* _To do_: Although the entries contain pictures, repeat only their words, exactly as written.

* _Data items_:

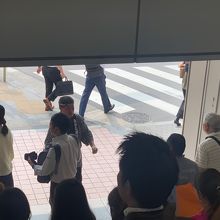 JR浅草橋駅東口のガッツおじさん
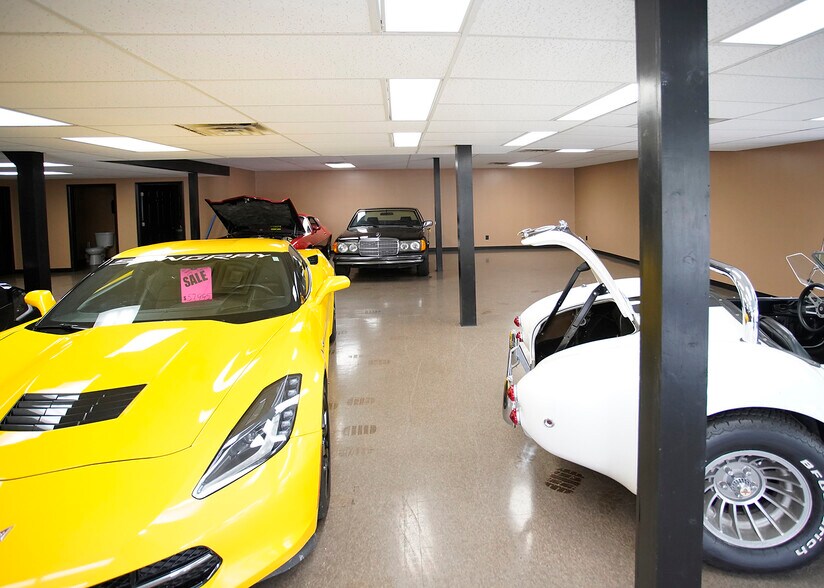 More Photos Of 9947 Brooklyn Rd, Brooklyn Freestanding For Sale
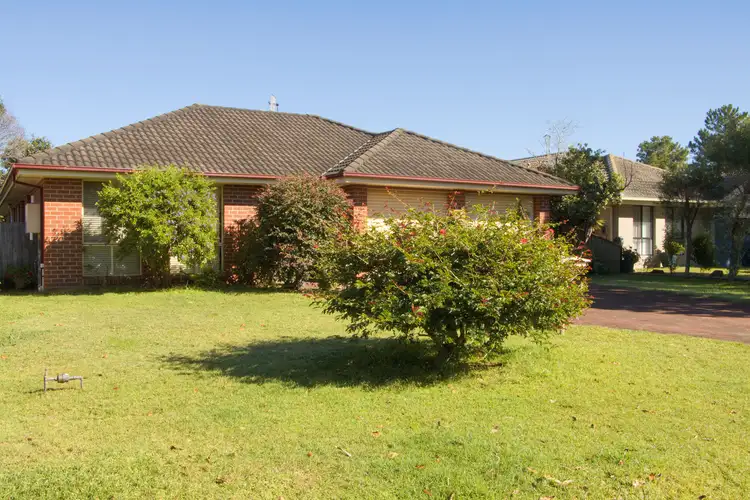 6 Genoa Grove, Tea Gardens NSW 2324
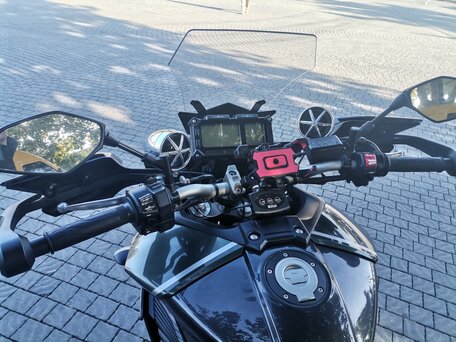 2017 Yamaha MT-09 Tracer (FJ-09), чёрный, 920000 рублей, вид 3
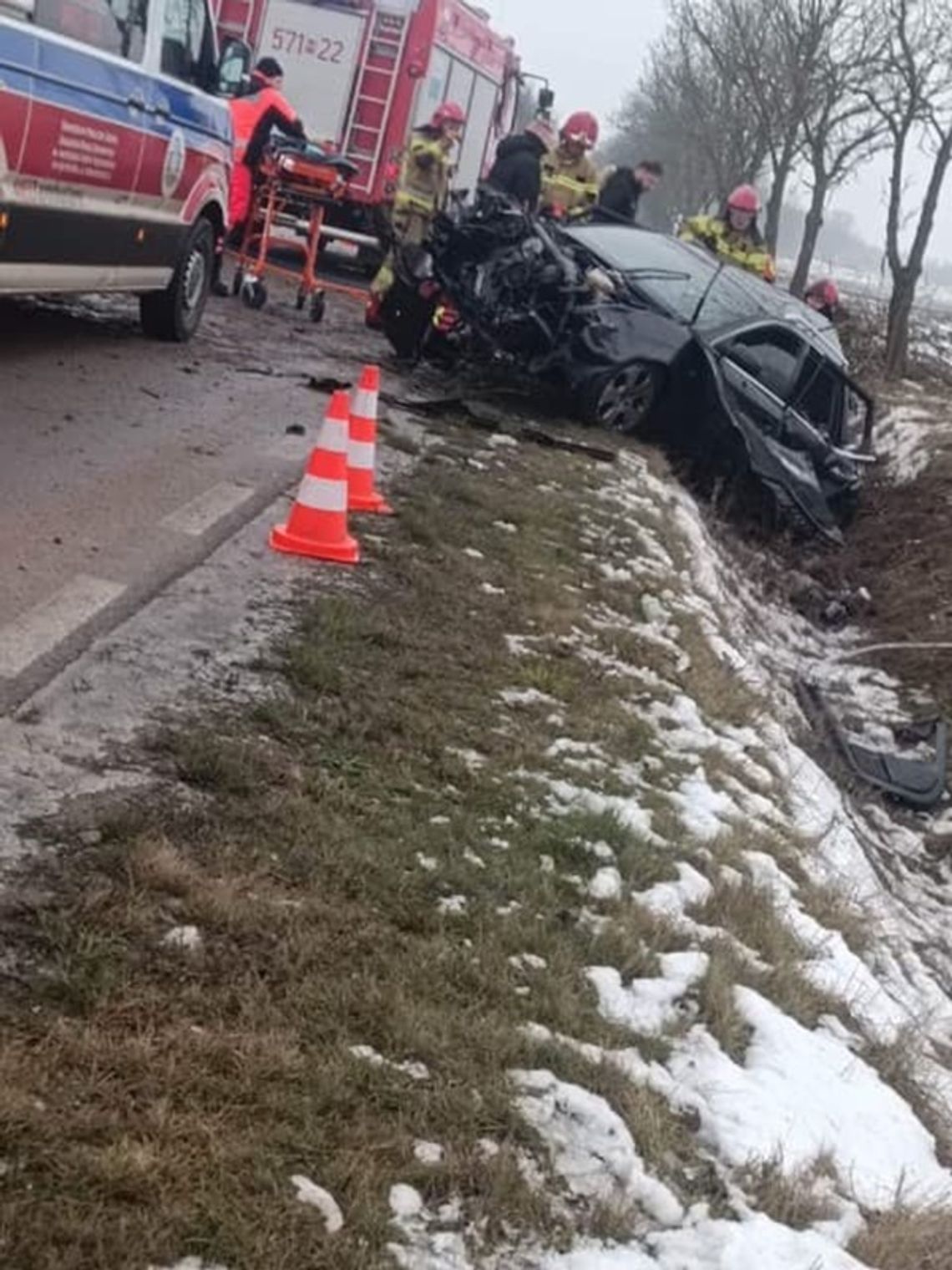 Audi uderzyło w przepust, drzewa a potem dachowało. Kierowca trafił do szpitala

* _Solved exercise_:
 JR浅草橋駅東口のガッツおじさん
 More Photos Of 9947 Brooklyn Rd, Brooklyn Freestanding For Sale
 6 Genoa Grove, Tea Gardens NSW 2324
 2017 Yamaha MT-09 Tracer (FJ-09), чёрный, 920000 рублей, вид 3
 Audi uderzyło w przepust, drzewa a potem dachowało. Kierowca trafił do szpitala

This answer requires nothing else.